The finger bones of bats are much more flexible than those of other mammals. One reason is that the cartilage in their fingers lacks calcium and other minerals nearer the tips, increasing their ability to bend without splintering. The cross-section of the finger bone is also flattened instead of circular as is the bone in a human finger, making it even more flexible. The skin on their wing membranes is a lot more elastic and can stretch much more than is usually seen among mammals.

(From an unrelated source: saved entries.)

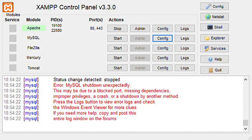So the other solution actually is to go to your C folder to XAMPP MySQL and here. So first of all, go to C XAMPP MySQL here. Make a copy of your current data folder just in case.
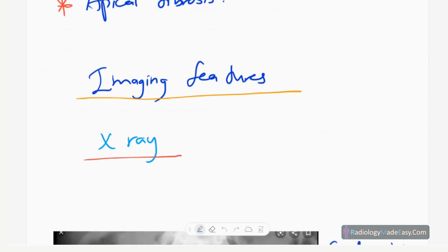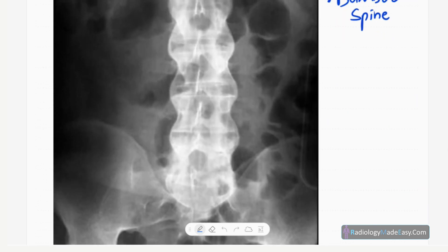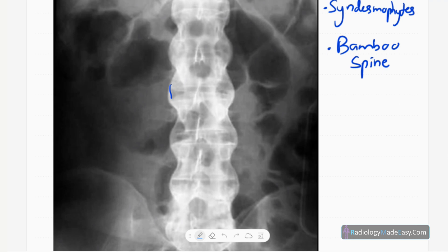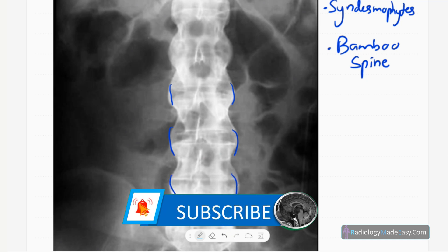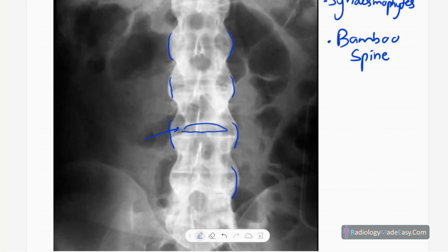First, looking at X-rays of the lumbar spine and sacroiliac joints in an advanced patient. You can see fusion of the vertebral bodies with syndesmophyte formation — ossification of the annulus fibrosus of the intervertebral disc leading to fusion of the vertebral bodies. The main finding is fusion of the vertebral bodies.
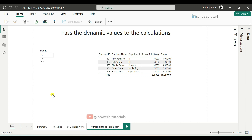Hello everyone, welcome back to Power BI 0 to 0 playlist. My name is Sandeep Rathuri. In my previous video, I talked about fields parameter in Power BI.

Because their wings are much thinner than those of birds, bats can maneuver more quickly and more precisely than birds. The surface of their wings is also equipped with touch-sensitive receptors on small bumps called Merkel cells, found in most mammals, including humans. But these sensitive areas are different in bats as each bump has a tiny hair in the center, making it even more sensitive, and allowing the bat to detect and collect information about the air flowing over its wings. An additional kind of receptor cell is found in the wing membrane of species that use their wings to catch prey. This receptor cell is sensitive to the stretching of the membrane. The cells are concentrated in areas of the membrane where insects hit the wings when the bats capture them.
One species of bat (A. fistulata) has the longest tongue of any mammal relative to its body size. This is extremely beneficial to them in terms of pollination and feeding – their long narrow tongues can reach deep down into the long cup shape of some flowers. When their tongue retracts, it coils up inside their rib cage.